== Assignment ==
Lift out, unaltered, the lines of the material below between the line holding "ارسال و فروش" and the line holding "vidaXL Dog Tunnel", counting both.

== Provided data ==
"""

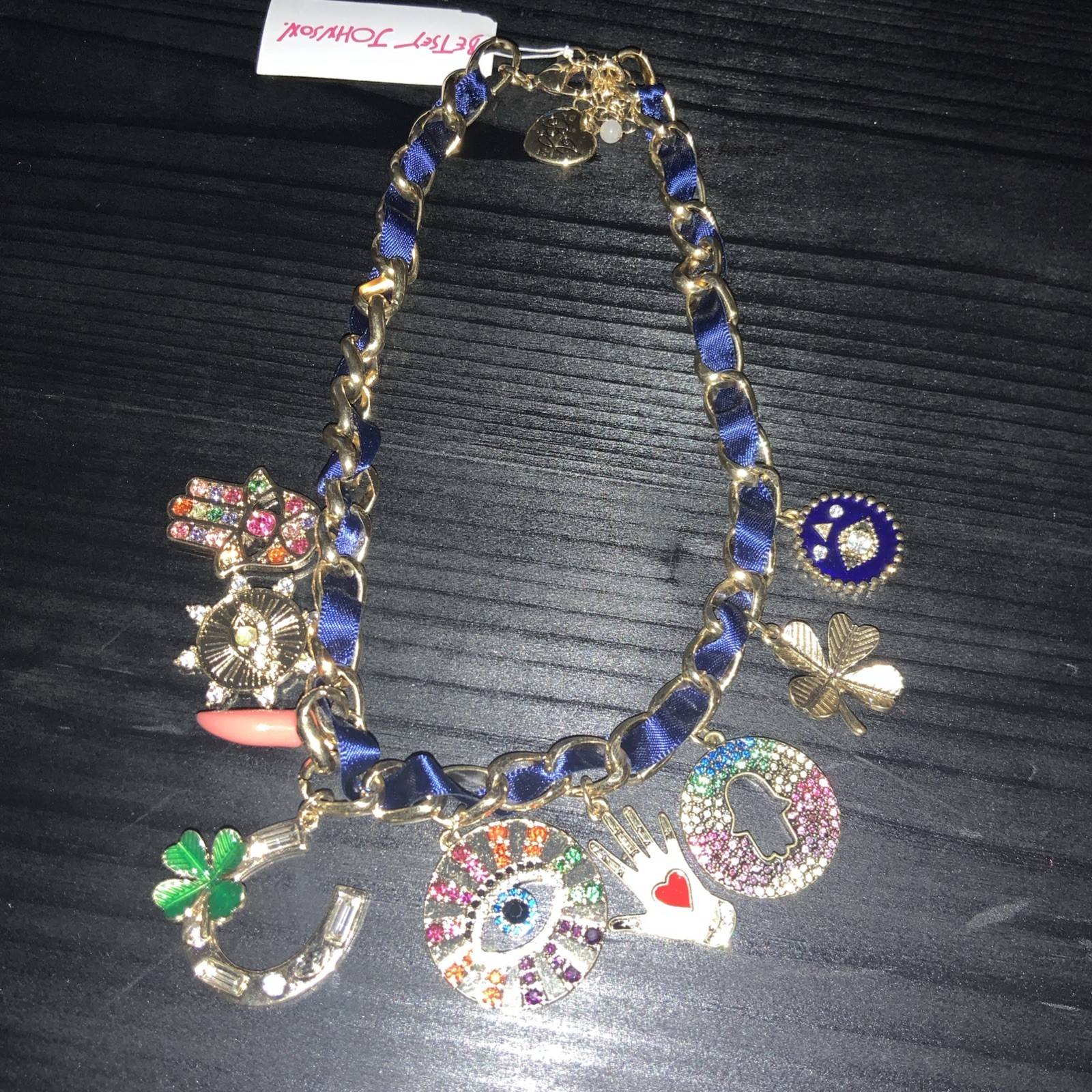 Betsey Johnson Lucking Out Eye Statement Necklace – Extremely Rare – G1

"""
"""

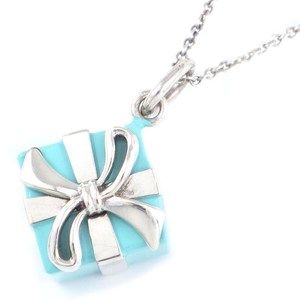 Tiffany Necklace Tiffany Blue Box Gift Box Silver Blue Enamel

"""
"""

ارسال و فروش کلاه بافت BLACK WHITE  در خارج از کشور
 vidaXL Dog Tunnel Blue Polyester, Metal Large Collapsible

"""

== Response to this exercise ==
ارسال و فروش کلاه بافت BLACK WHITE  در خارج از کشور
 vidaXL Dog Tunnel Blue Polyester, Metal Large Collapsible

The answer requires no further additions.